AVAILABLE DATA.
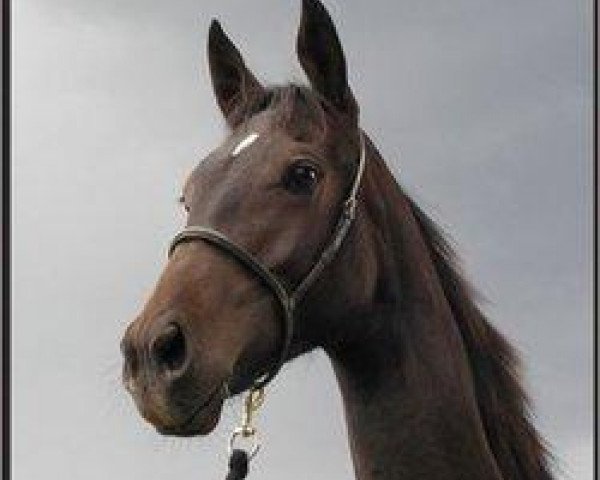 horse Minovia Nb (Akhal-Teke, 2007, from Roshin)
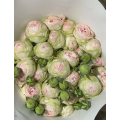 بيبي الحرباء رذاذ الورد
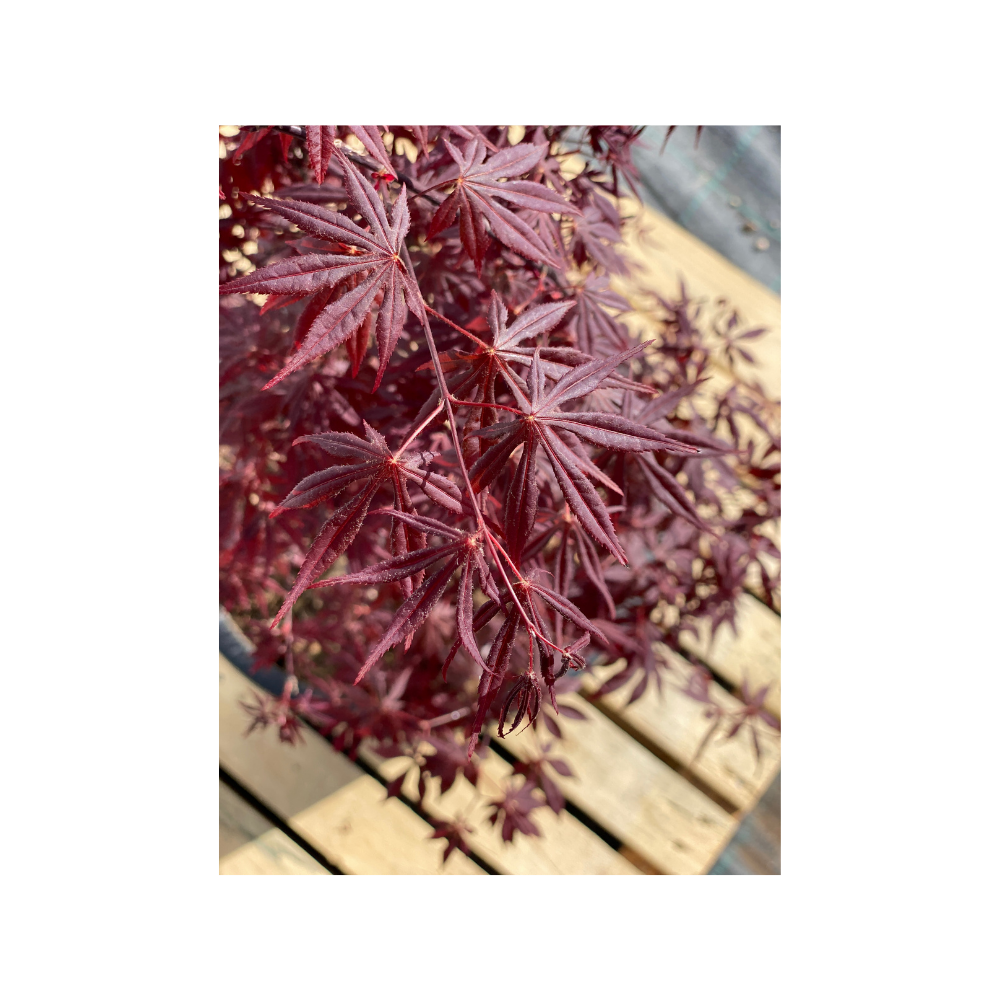 Acero Palmatum Bloodgood 3mt+ - Aceri Giapponesi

WHAT YOU WILL DO. From the line that contains "بيبي الحرباء رذاذ الورد" to the end of the material above, output every line exactly, both ends included, but leave out any pictures.

EXERCISE OUTPUT.
 بيبي الحرباء رذاذ الورد
 Acero Palmatum Bloodgood 3mt+ - Aceri Giapponesi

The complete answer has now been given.